Ventenata

A mature patch of Ventenata in Gallatin County near Springhill, Mont. Photo taken by Jane Mangold.

First discovered in Montana in the early 1990’s, Ventenata has been steadily encroaching into Big Sky country ever since. This annual invasive grass has been slowly moving eastward across the state and has been recorded in 18 counties.

“If you think of the left-hand side of Montana, Ventenata has kind of been seen in a crescent moon pattern from the northwest to south central Montana,” explained Jane Mangold, Extension invasive plant specialist for Montana State University.

The weed has been found mostly along the I-90 corridor, in Lake, Sanders, Ravalli, Missoula and Gallatin counties to the west and as far east as Big Horn, Carbon and Yellowstone counties.

Ventenata is tricky and is often spotted in unsuspecting rangeland where the land does not have to be overgrazed or disturbed to be an inviting habitat. Additionally, the plant likes to grow among patches of Cheatgrass, so it can often be hard to detect.

Early detection coupled with rapid response is the recommended management approach to Ventenata. Spraying the weed with herbicides is proving to be the best course of action.

If not addressed, Ventenata can actually out-compete Cheatgrass, but unlike Cheatgrass, Ventenata seems to be unpalatable to grazing animals. Studies have shown that Ventenata has three times higher silica content than most perennial grasses, which could be the reason it is avoided.

Ventenata reaches full maturity in late June/early July and can be identified by its open, airy like seed head and bent awns. In the fall when Ventenata starts to dry up, it is a light yellowish-brown, almost straw like in color.

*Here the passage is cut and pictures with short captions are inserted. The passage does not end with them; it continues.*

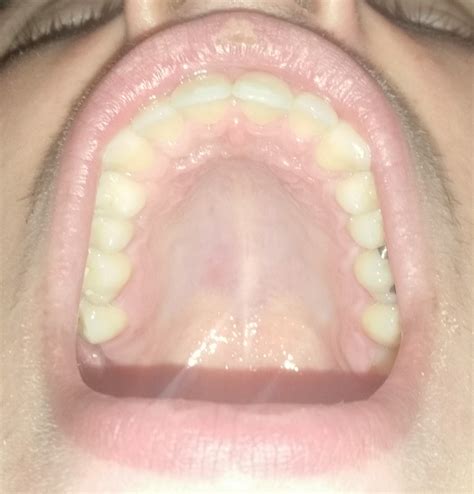 Developed A Small Bump On The Roof Of My Mouth A Little Worried About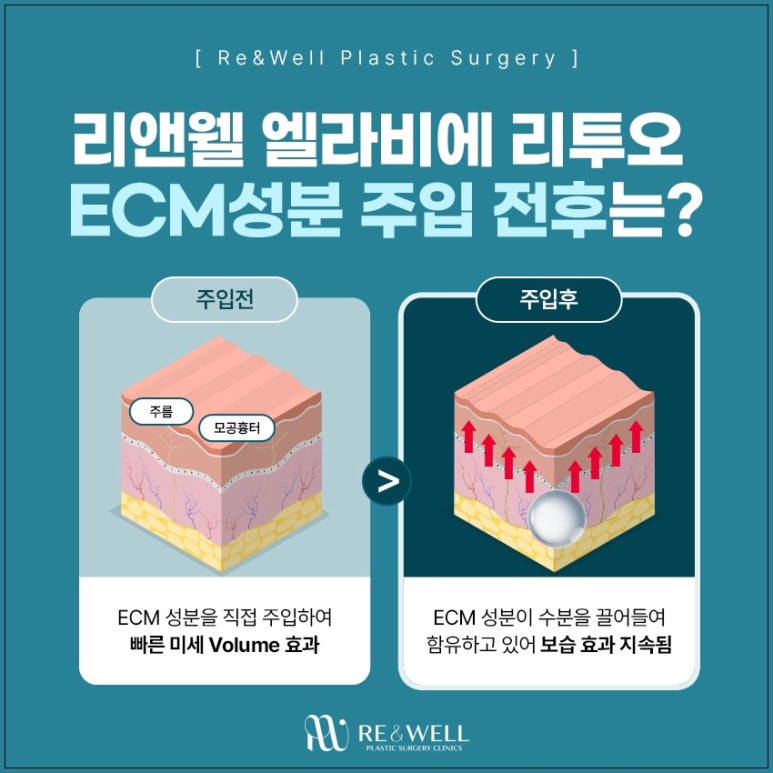 강남 엘라비에 리투오, 효과를 보고 싶다면 관련 이미지 4
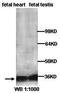 Protein Phosphatase 6 Catalytic Subunit antibody, orb77130, Biorbyt, Western Blot image 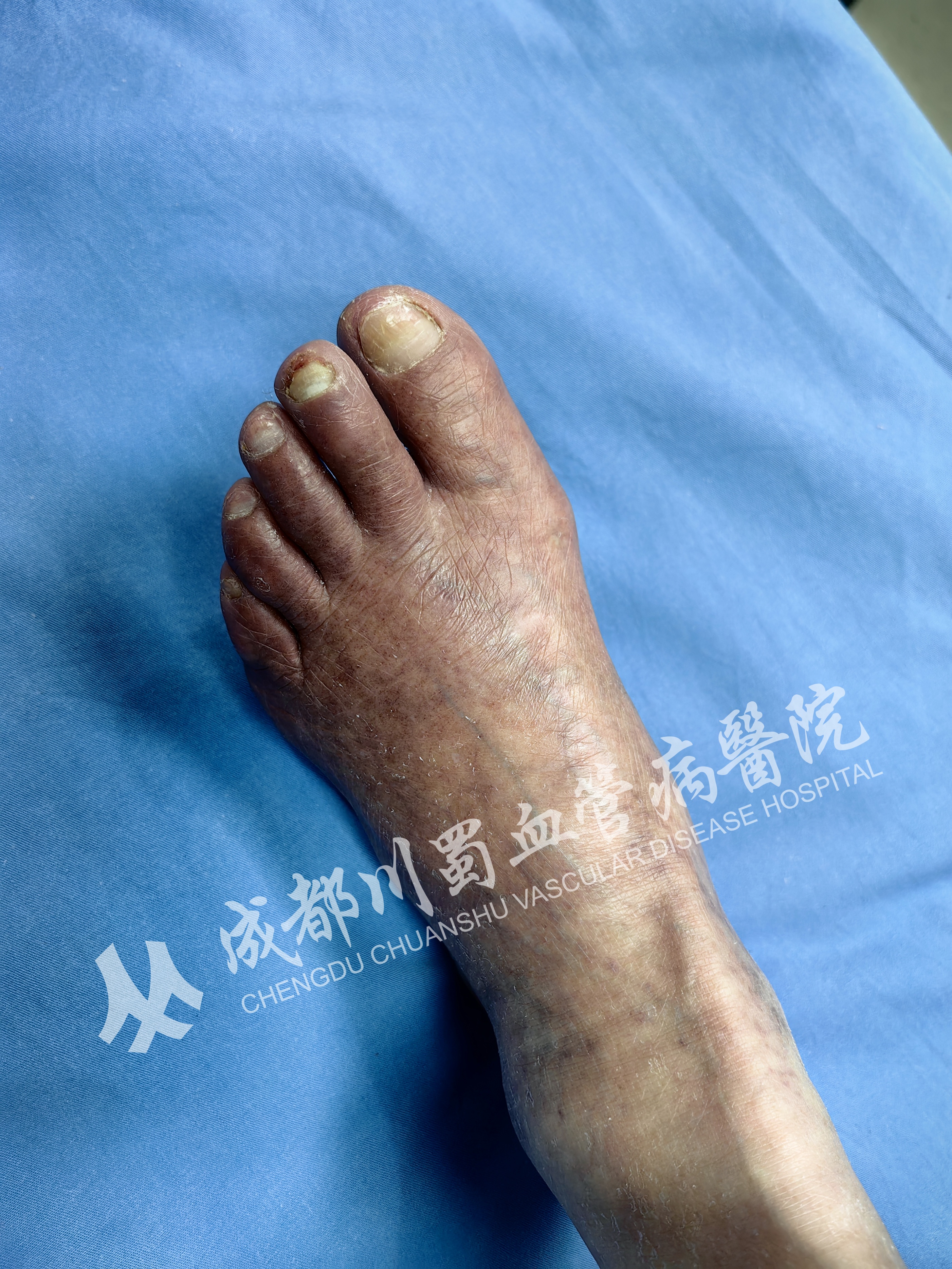 头晕记忆力衰退,头晕记忆力减退疲劳失眠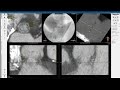 3Mensio CT Pre Case Planning Valve In Valve TAVR In Epic Biocor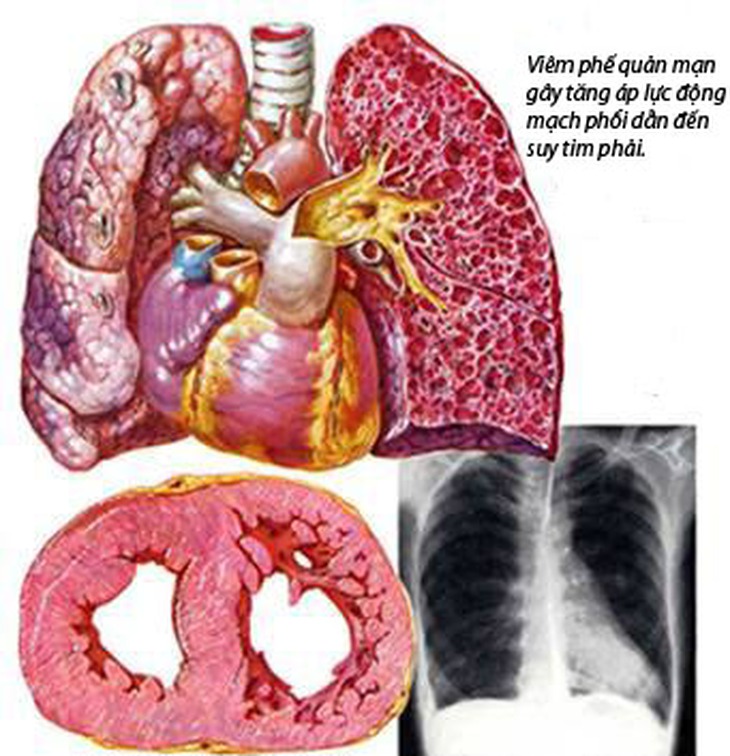 Phòng bệnh tâm phế mạn ở người cao tuổi 1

Recently, Ventenata has been petitioned to be added to Montana’s noxious weed list. If officially added, land owners must report the weed and by law they are required to have a management plan in place if Ventenata is found on their property. After a public comment period, it will ultimately be up to the director of the Montana Department of Agriculture to add Ventenata to the official list.

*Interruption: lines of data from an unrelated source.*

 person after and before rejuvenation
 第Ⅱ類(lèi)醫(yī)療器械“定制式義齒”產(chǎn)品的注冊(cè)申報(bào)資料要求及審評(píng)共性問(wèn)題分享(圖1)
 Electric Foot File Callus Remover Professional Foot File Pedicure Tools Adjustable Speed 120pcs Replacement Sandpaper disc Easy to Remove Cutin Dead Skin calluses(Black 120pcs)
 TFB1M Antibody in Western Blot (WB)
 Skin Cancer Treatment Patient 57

“There is a good chance that by the end of this summer, Ventenata could be a listed noxious weed for the state of Montana,” Mangold stated.  

It is estimated that Ventenata infests more than 55,000 acres in Montana, but that number will continue to grow as more people become aware and learn how to identify it. There are two informational sessions coming up in June for anyone interested in learning more about Ventenata.

The first will take place June 18 in Sheridan, Wyo. This event is hosted by the Northeast Wyoming Invasive Grass Working Group and the tour will discuss topics related to the management and research associated with Ventenata in that area.

Mangold will be teaming up with Mike Jones of the Gallatin County Weed District to lead a Gallatin Valley Land Trust Discovery Walk through Peet’s Hill on Thursday, June 27 at 5:30 p.m. The walk will focus on Ventenata and the threat it poses to Montana agriculture.

Anyone interested in going on this tour must simply meet the group at the north parking lot of Burke Park, located off of South Church Street in Bozeman, Mont. Please visit gvlt.org for more information.

Producers need to take an aggressive, proactive approach to Ventenata, Mangold emphasized. If you suspect you have located a patch of Ventenata, report it immediately to your local county Extension agent or county weed coordinator.